Begitu pula ketika darah itu
terus menerus mengalir dan tidak mungkin untuk dihentikan, maka hukumnya
seperti orang yang tidak bisa mengendalikan air kencing atau seperti wanita
yang mengeluarkan darah istihadhah, di mana dia harus tetap shalat walaupun air kencing
terus menetes atau darah terus-menerus mengalir. Dua kondisi tersebut tidak menunjukkan air kencing
atau darah itu suci, sehingga apa yang dilakukan oleh Umar tidak bisa
menjadi dalil bahwa darah itu suci.
Tidak ada yang tersisa
kini selain ucapan al-Hasan yang diriwayatkan oleh Bukhari: Kaum Muslim tetap
melaksanakan shalat dengan luka yang mereka derita. Hasan di sini adalah Hasan
Bashri, dia seorang tabi’in, dan ucapan ini berasal dari dirinya dengan asumsi
mencakup juga para sahabat. Ucapan ini bukan nash yang menjelaskan sucinya
darah, bahkan di dalamnya tidak disebutkan kata “darah”, melainkan hanya
disebutkan bahwa kaum Muslim
shalat padahal mereka terluka. Luka itu kadangkala mengeluarkan darah, dan
kadang pula sudah diikat dengan kain pembalut/perban, bahkan bisa jadi ada luka
yang sudah mulai sembuh. Semua itu adalah luka.
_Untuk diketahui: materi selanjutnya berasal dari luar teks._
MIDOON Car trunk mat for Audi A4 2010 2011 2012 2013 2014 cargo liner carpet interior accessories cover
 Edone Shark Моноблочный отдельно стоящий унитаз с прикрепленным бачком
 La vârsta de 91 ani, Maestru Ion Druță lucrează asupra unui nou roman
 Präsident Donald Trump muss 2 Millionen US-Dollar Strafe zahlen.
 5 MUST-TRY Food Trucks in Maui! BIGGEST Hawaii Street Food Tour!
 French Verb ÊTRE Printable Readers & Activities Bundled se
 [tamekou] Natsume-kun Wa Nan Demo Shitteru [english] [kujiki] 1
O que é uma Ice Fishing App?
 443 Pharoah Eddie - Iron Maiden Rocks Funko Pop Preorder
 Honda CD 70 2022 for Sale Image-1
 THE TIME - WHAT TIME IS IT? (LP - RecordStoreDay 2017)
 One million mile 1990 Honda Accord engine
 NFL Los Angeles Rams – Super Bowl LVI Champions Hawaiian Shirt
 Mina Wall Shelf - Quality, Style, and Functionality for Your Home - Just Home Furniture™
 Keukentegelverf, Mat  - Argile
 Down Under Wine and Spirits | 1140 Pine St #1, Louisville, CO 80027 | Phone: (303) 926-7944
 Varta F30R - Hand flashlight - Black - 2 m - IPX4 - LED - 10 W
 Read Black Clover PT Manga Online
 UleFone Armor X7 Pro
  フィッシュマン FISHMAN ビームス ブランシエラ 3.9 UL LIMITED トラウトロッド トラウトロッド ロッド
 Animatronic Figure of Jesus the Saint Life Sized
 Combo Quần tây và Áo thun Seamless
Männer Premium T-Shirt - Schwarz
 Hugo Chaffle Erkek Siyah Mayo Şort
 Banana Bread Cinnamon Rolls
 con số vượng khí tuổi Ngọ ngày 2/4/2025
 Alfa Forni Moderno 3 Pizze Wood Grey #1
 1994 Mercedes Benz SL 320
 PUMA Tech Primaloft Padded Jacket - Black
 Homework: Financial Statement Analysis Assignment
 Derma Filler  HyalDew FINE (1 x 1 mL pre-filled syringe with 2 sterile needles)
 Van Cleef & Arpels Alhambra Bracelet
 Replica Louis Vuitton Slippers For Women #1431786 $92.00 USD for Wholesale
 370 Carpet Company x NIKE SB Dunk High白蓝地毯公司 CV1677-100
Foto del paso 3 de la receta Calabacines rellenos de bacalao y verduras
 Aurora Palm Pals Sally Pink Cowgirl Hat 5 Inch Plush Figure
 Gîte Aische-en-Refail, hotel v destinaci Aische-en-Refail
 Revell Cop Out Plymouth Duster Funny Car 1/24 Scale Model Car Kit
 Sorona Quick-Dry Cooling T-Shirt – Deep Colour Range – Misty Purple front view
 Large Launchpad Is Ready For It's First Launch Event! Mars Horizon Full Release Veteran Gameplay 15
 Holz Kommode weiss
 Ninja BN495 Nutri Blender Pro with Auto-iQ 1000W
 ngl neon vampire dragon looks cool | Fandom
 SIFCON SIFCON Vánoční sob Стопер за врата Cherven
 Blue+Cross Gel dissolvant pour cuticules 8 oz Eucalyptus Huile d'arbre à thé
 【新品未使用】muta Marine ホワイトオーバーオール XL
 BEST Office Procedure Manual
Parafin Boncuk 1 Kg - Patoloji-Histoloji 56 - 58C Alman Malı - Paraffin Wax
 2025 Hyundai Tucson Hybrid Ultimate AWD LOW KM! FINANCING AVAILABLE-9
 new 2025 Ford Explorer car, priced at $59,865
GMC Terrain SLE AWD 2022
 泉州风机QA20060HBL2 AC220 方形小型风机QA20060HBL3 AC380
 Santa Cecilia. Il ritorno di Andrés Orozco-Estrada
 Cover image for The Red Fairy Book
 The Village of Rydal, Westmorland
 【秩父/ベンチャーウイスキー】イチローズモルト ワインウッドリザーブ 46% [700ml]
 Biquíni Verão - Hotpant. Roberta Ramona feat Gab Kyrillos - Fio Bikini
Selain itu ada luka yang banyak
mengeluarkan darah tetapi ada juga yang sedikit, sehingga bagaimana bisa dari
ucapan seperti ini diambil kesimpulan hukum sucinya darah?
Sumber: Tuntunan
Thaharah Berdasarkan Qur’an Dan Hadits, Mahmud Abdul Lathif Uwaidhah, Pustaka
Thariqul Izzah
(Artikel ini tanpa
tulisan Arabnya)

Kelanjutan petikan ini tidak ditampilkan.